Saturday, 13 May 2017

EPA closes ranks

New Zealand's Environmental Protection Authority (EPA) has a statutory duty to function in a way that
contributes to the efficient, effective, and transparent management of New Zealand’s environment and natural and physical resources (emphasis added)

In its 2016 Annual Report (pdf), the EPA described (p.10) its new vision and how it proposed to pursue that vision.

Our new vision – An environment protected, enhancing our way of life and the economy – will guide our strategy over the next four years. Our vision is the high-level purpose behind our work. It underpins why we were established and what New Zealanders want from us. We will achieve this through four key principles, or pillars. They are: working together as One EPA, supported by evidence, science and mātauranga Māori; by taking a customer-centric approach to our work, by partnering and working collaboratively with others for success, and by harnessing the potential of our people. Our new strategy is set out in detail in our Statement of Intent 2016-2020. We have restructured our teams so that we can best deliver on the strategic goals and intentions that you will read about elsewhere in this Annual Report.
Fundamental to this approach, is the appointment of our Chief Scientist, Dr Jacqueline Rowarth, who will work with experts from across the natural resources sector.
I was surprised by this, particularly the last bit. My impression is that Dr Rowarth is far too invested in the status quo to effectively "work with experts from across the natural resources sector". So I lodged an OIA, quoted the above section of the EPA's annual report and made the following request...

I am not alone in regarding Dr Rowarth as being extremely antagonistic towards certain types of “experts from across the natural resources sector”. Many people remember her terribly mistaken claims regarding the quality of the Waikato River water, and have noted that neither she nor the EPA has admitted any error over this. Her most recent public pronouncements on Roundup suggest that she is not up with the science regarding glyphosate and the adjuvants with which it is mixed. I am therefore concerned that the EPA is not receiving balanced scientific advice from Dr Rowarth. Please advise which individuals and/or groups is Dr Rowarth working with to inform herself about the following topics relevant to the agriculture sector in New Zealand:
  1. Biological farming, meaning farming with a focus on stimulating and cultivating beneficial biological organisms in the soil.
  2. Antibiotic resistance through the avoidance of antibiotics, including glyphosate.
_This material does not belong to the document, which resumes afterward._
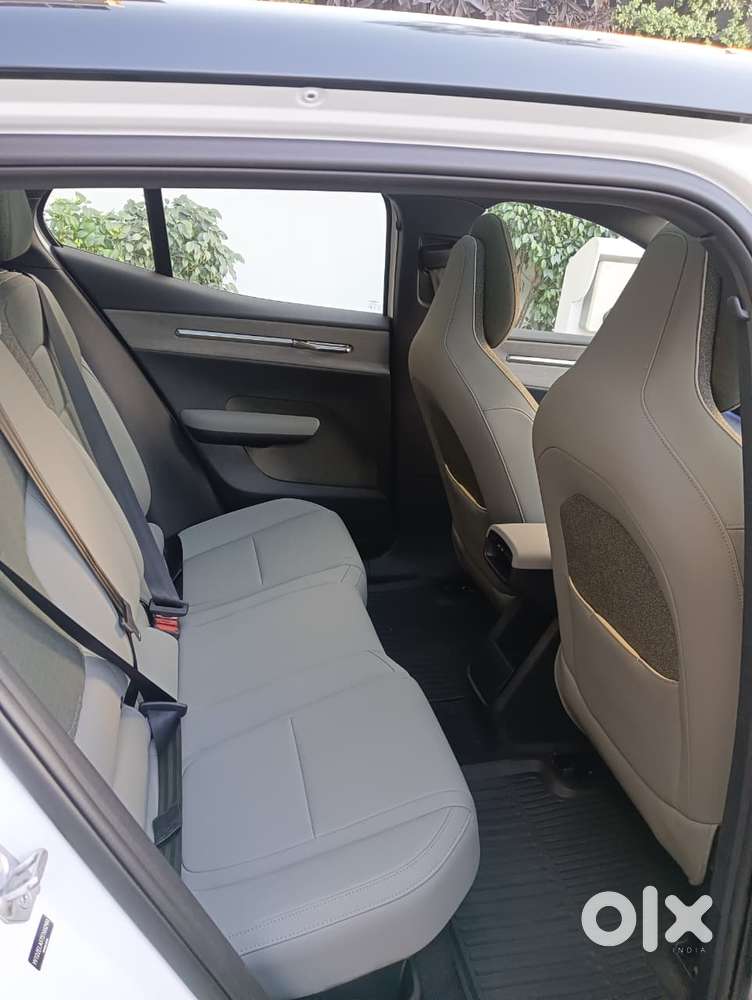 Volvo Ex30, 2025, Electric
In response, right at the end of the response period, I got a letter from Allan Freeth (CEO) declining my request on the grounds that this information.
does not exist and cannot be made available without substantial collation or research
So the chief scientist of the EPA cannot name any individual or group she is working with on biological farming or antibiotic resistance.

And, her boss doesn't care.


  1. Doesn't exist AND cannot be made available without substantial collation or research... does this mean that with enough effort it can be made to exist? Like with enough collation and research we could get a second moon? I would have though that if it doesn't exist then no amount of collation and research can make it exist. And in any case, how hard is it to look through the good doctor's diary? A bit easier than creating a second moon...

  2. Im not super surprised as following the USA in creating the EPA was nothing to be excited about given its profoundly negative effects in the US, the appointment of Rowarth was not going to help either. It does disappoint nonetheless.